▽

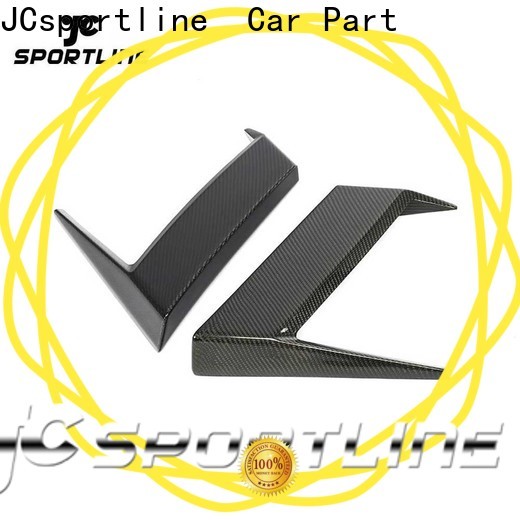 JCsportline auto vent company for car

△
▽

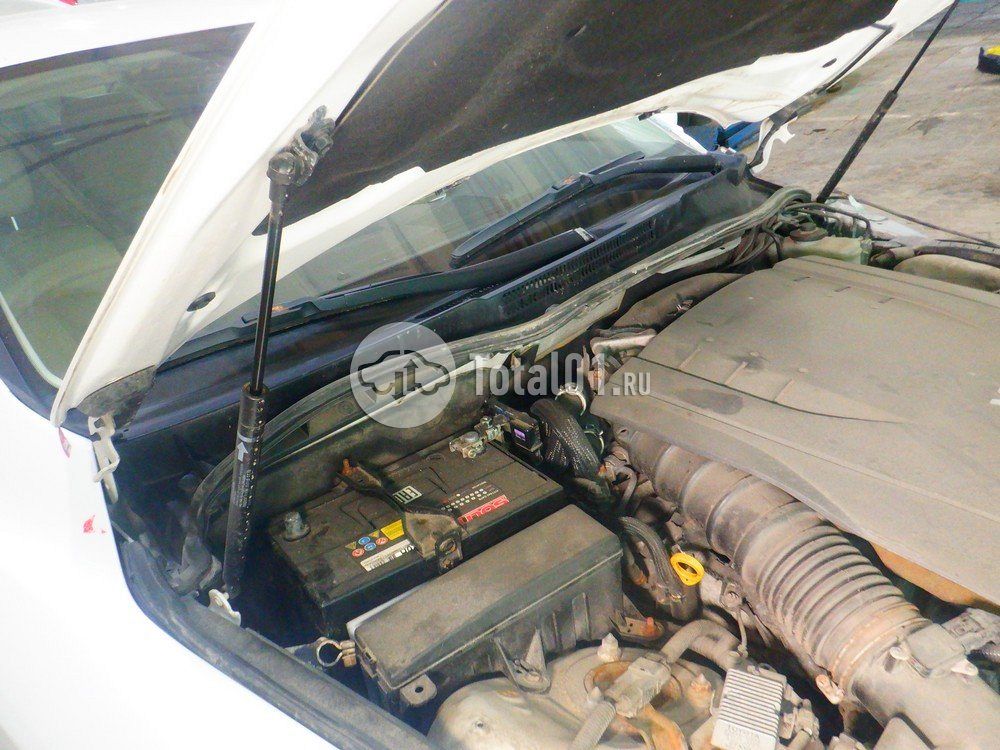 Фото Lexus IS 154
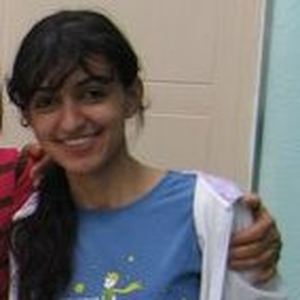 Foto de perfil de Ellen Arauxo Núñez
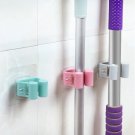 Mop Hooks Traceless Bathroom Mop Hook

△

### [TASK DESCRIPTION]
Having found the line with "Фото Lexus IS 154" and the line with "Mop Hooks Traceless Bathroom Mop Hook" in the material above, write out exactly those two and every line between, leaving the pictures out.

### [EXPECTED OUTPUT]
 Фото Lexus IS 154
 Foto de perfil de Ellen Arauxo Núñez
 Mop Hooks Traceless Bathroom Mop Hook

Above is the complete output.